Peut-on considérer qu’il y a un manque de revenu dans le secteur agricole ? La loi Egalim 2 qui vise à « protéger la rémunération des agriculteurs » était-elle nécessaire ?

Le revenu moyen des agriculteurs français n’a pas augmenté, en monnaie constante, sur la dernière décennie. Nous l’avons mesuré au travers de l’indicateur RCAI/UTANS (1) entre les années 2010-2012 et les années 2017-2020. Cette stabilité du revenu intervient dans un contexte où, pourtant, la baisse du nombre d’agriculteurs a entraîné une augmentation des volumes de production par emploi. Il en résulte une baisse du revenu de l’agriculture française prise dans son ensemble. Cette situation tranche avec celle observée dans d’autres États-membres de l’Union européenne, comme en Espagne, en Irlande et en Pologne, où les évolutions sont plus favorables. Face à la forte concentration des acteurs de l’aval, la volonté des pouvoirs publics de protéger davantage la création de richesse dans les exploitations, par l’amélioration du niveau des prix, est justifiée. En particulier au regard de deux enjeux majeurs : celui du renouvellement des générations, et celui de l’adoption de nouvelles pratiques pour répondre aux attentes sociétales (environnement, qualité des produits alimentaires ou bien-être animal).

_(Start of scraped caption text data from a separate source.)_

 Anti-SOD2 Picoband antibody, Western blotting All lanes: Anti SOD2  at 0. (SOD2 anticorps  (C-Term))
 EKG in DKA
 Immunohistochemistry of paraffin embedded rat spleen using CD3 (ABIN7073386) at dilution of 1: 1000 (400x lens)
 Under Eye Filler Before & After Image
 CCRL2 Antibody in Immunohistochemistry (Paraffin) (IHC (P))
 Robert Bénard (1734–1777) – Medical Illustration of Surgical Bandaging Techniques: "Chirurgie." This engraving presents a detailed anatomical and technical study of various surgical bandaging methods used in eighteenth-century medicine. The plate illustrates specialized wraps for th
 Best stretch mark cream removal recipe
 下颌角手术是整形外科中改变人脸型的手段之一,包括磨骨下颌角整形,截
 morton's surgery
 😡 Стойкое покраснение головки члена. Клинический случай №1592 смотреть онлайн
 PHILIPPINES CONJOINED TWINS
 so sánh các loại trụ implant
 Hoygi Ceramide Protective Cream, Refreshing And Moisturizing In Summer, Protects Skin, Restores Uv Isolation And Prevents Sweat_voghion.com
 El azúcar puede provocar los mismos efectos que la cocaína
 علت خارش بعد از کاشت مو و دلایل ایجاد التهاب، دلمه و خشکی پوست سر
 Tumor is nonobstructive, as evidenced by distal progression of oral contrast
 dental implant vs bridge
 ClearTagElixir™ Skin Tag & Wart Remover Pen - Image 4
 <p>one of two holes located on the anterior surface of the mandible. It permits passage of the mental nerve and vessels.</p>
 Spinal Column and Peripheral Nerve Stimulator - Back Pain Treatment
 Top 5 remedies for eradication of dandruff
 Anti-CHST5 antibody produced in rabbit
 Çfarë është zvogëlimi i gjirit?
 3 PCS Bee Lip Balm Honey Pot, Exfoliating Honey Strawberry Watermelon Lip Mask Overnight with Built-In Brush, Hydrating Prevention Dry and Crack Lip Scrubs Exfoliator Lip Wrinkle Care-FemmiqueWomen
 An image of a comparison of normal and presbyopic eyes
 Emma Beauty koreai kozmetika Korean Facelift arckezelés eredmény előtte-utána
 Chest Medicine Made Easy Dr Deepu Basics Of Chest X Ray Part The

Comment expliquer la forte hétérogénéité des revenus agricoles ?

Selon le Réseau d’information comptable agricole (Rica), le résultat par exploitant (RCAI/UTANS) s’est élevé à 29 500 € en moyenne sur les dix dernières années (en monnaie constante), avec un quartile inférieur à 8 400 € et un quartile supérieur à 40 400 € . Nos travaux (2) montrent que trois facteurs interfèrent fortement sur les écarts de revenus. D’abord la productivité du travail, c’est-à-dire la valeur de la production rapportée aux actifs. Ensuite l’efficience productive, c’est-à-dire le montant des consommations intermédiaires (aliments, engrais, semences, phytos, etc.) rapporté à la valeur de la production agricole. Et enfin, la dépendance aux emprunts, mesurée par le montant des annuités rapporté à l’excédent brut d’exploitation (EBE).

 

Vos travaux montrent une forte dépendance des revenus aux aides de la Pac. La loi Egalim pourrait -elle diminuer cette dépendance ?

Sur les dix dernières années, les aides directes représentent en moyenne 77 % du revenu des agriculteurs. Et la future Pac ne devrait pas conduire à une évolution substantielle du niveau de soutiens pour la très grande majorité des exploitations.

Concernant le niveau des prix agricoles, qui est un facteur parmi d’autres influençant la rentabilité des exploitations, la loi Egalim est potentiellement porteuse d’espoirs. Mais à ce stade, il reste difficile de spéculer sur ses effets, tant ce dossier est complexe et les jeux concurrentiels intenses.

Propos recueillis par Marie Salset

(1) Résultat courant avant impôt (RCAI)/unité de travail non salarié (UTANS).

(2) Inrae Smart Lereco - L’hétérogénéité des revenus des actifs non-salariés dans l’agriculture française- juin 2021.